Trinidad running out of foreign currency | New York Carib News – NYCaribNews

Currency News

T&T economy is at risk of depleting its foreign exchange (FX) reserves if there is no meaningful macroeconomic intervention.

This is the outlook that economist Marla Dukharan revealed in her report titled “Trinidad & Tobago Balance of Payments Risk: Why T&T could be heading to default and a balance of payments crisis by end-2022”.

Dukharan explained in her report that a country’s Balance of Payments account which includes but is not limited to imports, exports, remittances, and foreign direct investment, captures all the foreign currency transactions a country makes with the rest of the world.

A balance of payments crisis, Dukharan highlighted, occurs when a country does not have enough foreign currency to meet its foreign currency-denominated obligations, either debt or otherwise.

She said, “Our declining FX reserves (and Heritage and Stabilization Fund) in the context of rising debt and persistent weakness in our exports, suggest that at some point we will run out of foreign currency if nothing is done.”

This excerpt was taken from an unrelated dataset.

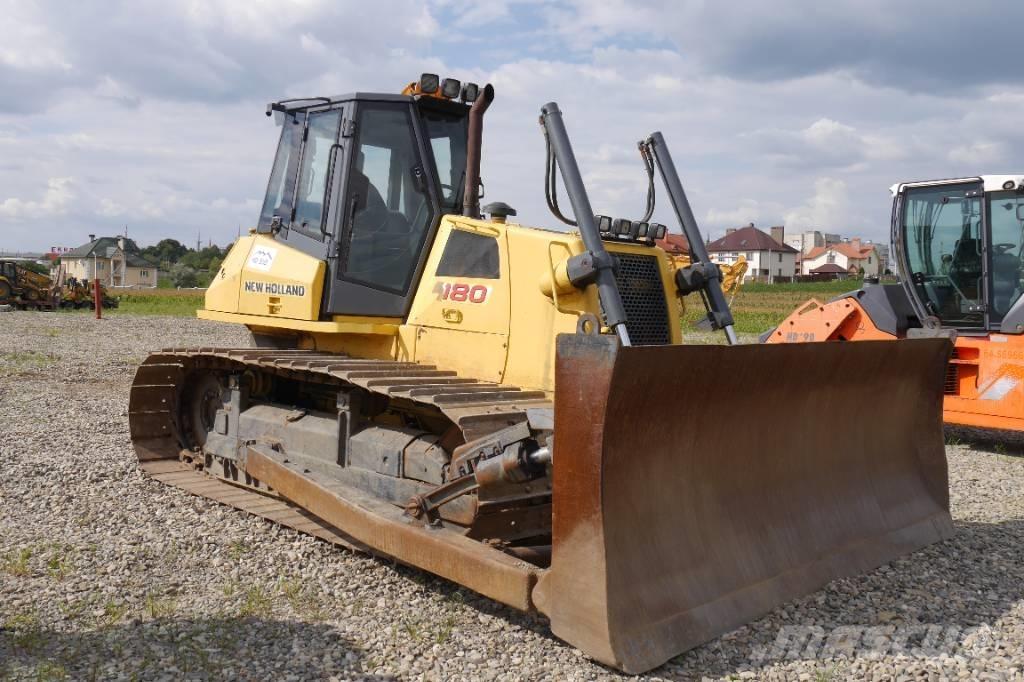 New Holland D 180 Buldožeri gusjeničari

She also argued, “The net effect of all these foreign exchange transactions is reflected in the change to the level of FX reserves held at the Central Bank – if we earn foreign currency, FX reserves increase, if we lose foreign currency, FX reserves decline.”

She offered that T&T is one of the most difficult places in the Caribbean to source US dollars.

Dukharan also pointed out that while the Heritage and Stabilization Fund (HSF) was never designed to be used to defend the exchange rate.

However, the recent legislative amendment allows the Minister of Finance to access the fund to the tune of USD1.5 billion in a crisis.

According to Dukharan, the cumulative contributions of the Government to the HSF have only been USD2.5 billion since inception, with the remainder being earned by the fund manager.

The balance on the HSF is currently about USD 6 billion, which provides approximately seven months of import cover, but Dukharan expressed that no new Government contributions have been made in the last six fiscal years, meaning the fund has only grown through portfolio performance.

She indicated: “Combined, the HSF and the level of FX reserves currently provide about 14-15 months of import cover, and as argued below, unless the policy stance of the Government changes, T&T could run out of foreign exchange in about two years.”

She noted that the current level of FX reserves now stands around USD7.2 billion, returning to the level of February / March 2008, following an uptick from the June 2020 USD500 million bond issue.

She expressed that this USD 7.2 billion levels represents a decline of 37% from the all-time high in December 2014.

The economist warned it will end in default or a Balance of Payments crisis in T&T if it is maintained, and that this is not a sustainable situation.